Real-time fraud detection using Feldera and Hopsworks

Real-time fraud detection using Feldera and Hopsworks

Abhinav Gyawali
Abhinav GyawaliEngineer
Leonid Ryzhyk
Leonid RyzhykCTO / Co-Founder
David Bzhalav
David BzhalavHead of Data Science @ Hopsworks
Jim Dowling
Jim DowlingCEO @ Hopsworks
| July 9, 2024

How about combining a state-of-the-art real-time analytics engine with a state of-the-art real-time feature store? In this post, we team up with our friends at Hopsworks.ai to do exactly that. We'llshow you how to do real-time feature engineering with Feldera computing MLfeatures and Hopsworks handling the storage layer.

We selected credit card fraud detection for this demo because of its stringent feature engineering requirements. Accurate fraud detection demands near perfect feature freshness and low-latency feature serving. Feldera ensures the former, while Hopsworks guarantees the latter.

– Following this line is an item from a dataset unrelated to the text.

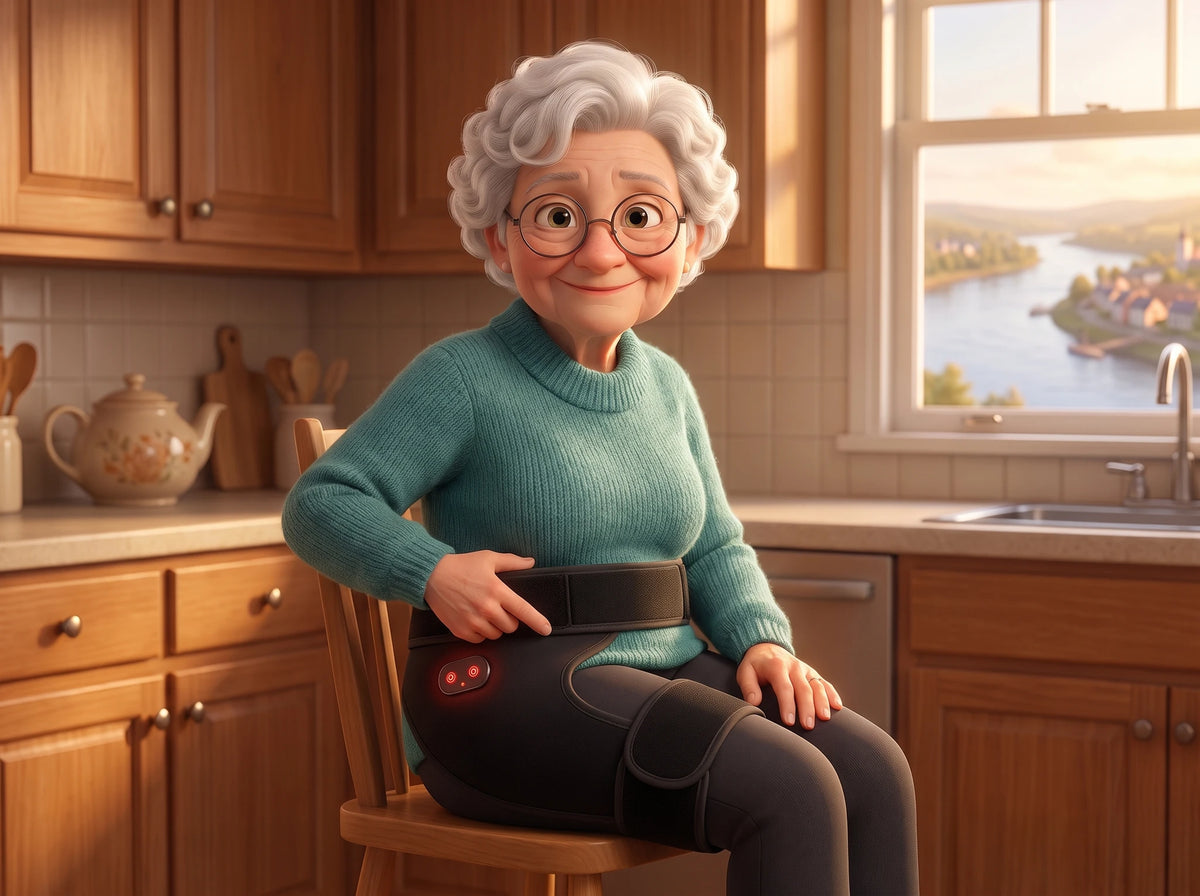 Louise, assise de côté sur sa chaise de cuisine, porte l'appareil sur la hanche par-dessus son legging, la sangle velcro serrée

Let's start with a high-level overview of the feature engineering pipeline and the role of a feature store in it.

Anatomy of a feature engineering pipeline

At a high level any feature engineering pipeline consists of three parts:

  1. Storage. Stores raw input data and computed features.
  2. Compute. Computes feature vectors from raw data.
  3. ML. Performs model training and inference using feature vectors as
    inputs.
Feature engineering pipeline

What makes feature engineering challenging is that this pipeline must operate in two modes. During model training, it computes, stores, and serves features from historical data in batch mode. During inference, the pipeline computes, stores, and serves features from real-time data in streaming mode. The two modes require different compute and storage engines. This is problematic because the capabilities of streaming engines differ from the ones of batch engines. As a result, developers must effectively build two separate feature pipelines.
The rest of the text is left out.